3) Dan Akyroyd as Ford Prefect, The Hitchhiker’s Guide to the Galaxy

aykroyd prefect.jpg

?If this seems completely outlandish, remember that Hitchhiker’s had a long and weary history of development decades before the meh-inducing final product. In the early ’80s Ivan Reitman was actually originally attached to this project before being wooed away to Ghostbusters by Aykroyd, who was more interested in his own script than whatever they had to go on at the time (years later, something similar would happen with Men in Black, causing much understandable animosity between Douglas Adams and Hollywood). It’s unclear what that original Hitchhiker’s movie would have been but it almost certainly would have sucked, even in the ’80s, and Aykroyd doesn’t quite seem quirky and otherworldly enough to pull off Ford unless he was planning on doing him as a Conehead, so we can definitely file this under “for the best” with a lot of these. Including…


2) Robin Williams as Hagrid, Harry Potter and the Sorcerer’s Stone

1816398-robin_williams_jumanji_super.jpg

?I for one am heartily glad that this never came to pass, and I’m not even a huge Potter-buff. Williams was reportedly interested in “a couple of parts” in the first film and Warner Bros. certainly pushed for him to be Hagrid, probably giddy with excitement imagining the crinkly-faced comedian adorned in long hair reminiscent of his glory days in Jumanji. Fortunately for most sane human beings, J.K. Rowling declared that the production would use only British actors, singlehandedly saving/revitalizing the careers of anyone even remotely famous and British within a 500 km radius. This included good ol’ Robbie Coltrane, who, prior to this had starred in such mega-hits as Nuns on the Run and was probably looking for half-eaten kebabs at the bottom of a dumpster when they cast him (I keed, of course: he had appeared in two of the Brosnan Bond films and a well-received crime drama, Cracker).


1) Sean Connery as Gandalf, Lord of the Rings

sean-connery-gandalf.jpg

?The universe is a cruel and arbitrary place, and there is stauncher proof of this cruelty than the fact that history will probably record the shitty League of Extraordinary Gentlemen movie as Sean Connery’s last live-action performance (I don’t even want to think about Delgo). Hell, if I had been in charge, I would have jumped through whatever hoops necessary just to get the man on board. I’m not arguing that Ian McKellen shouldn’t have played his signature role, but this would have been a fuck of a way for Connery to go out, and also would have apparently netted him six figures and a 10-15 % cut of the entire worldwide box office, allowing him to launch himself into space in a capsule made entirely of diamonds or whatever for the rest of his life (not that he can’t do that already, of course).

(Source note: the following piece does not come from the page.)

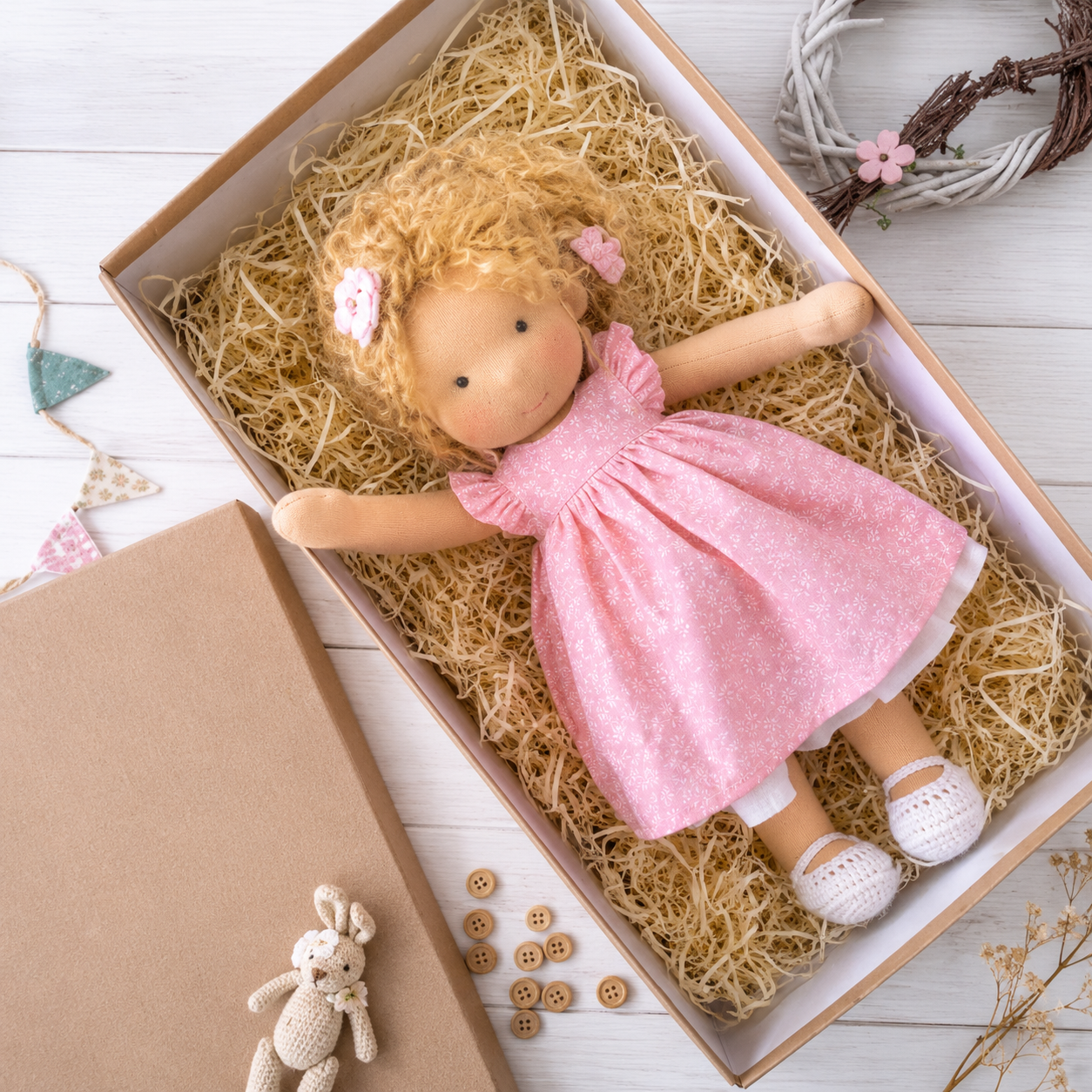Pupazzo Di Stoffa Bambini Waldorf Giocattolo Morbido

It also might have drawn in more Boomer-aged audience members less familiar with McKellen and other daunting aspects of Tolkien. However, Connery reportedly didn’t “get” the script and also wasn’t too keen on hanging out in New Zealand with Peter Jackson for 18 months, which is understandable. I just hope it was worth depriving humanity of a Bond vs. Dracula wizard duel.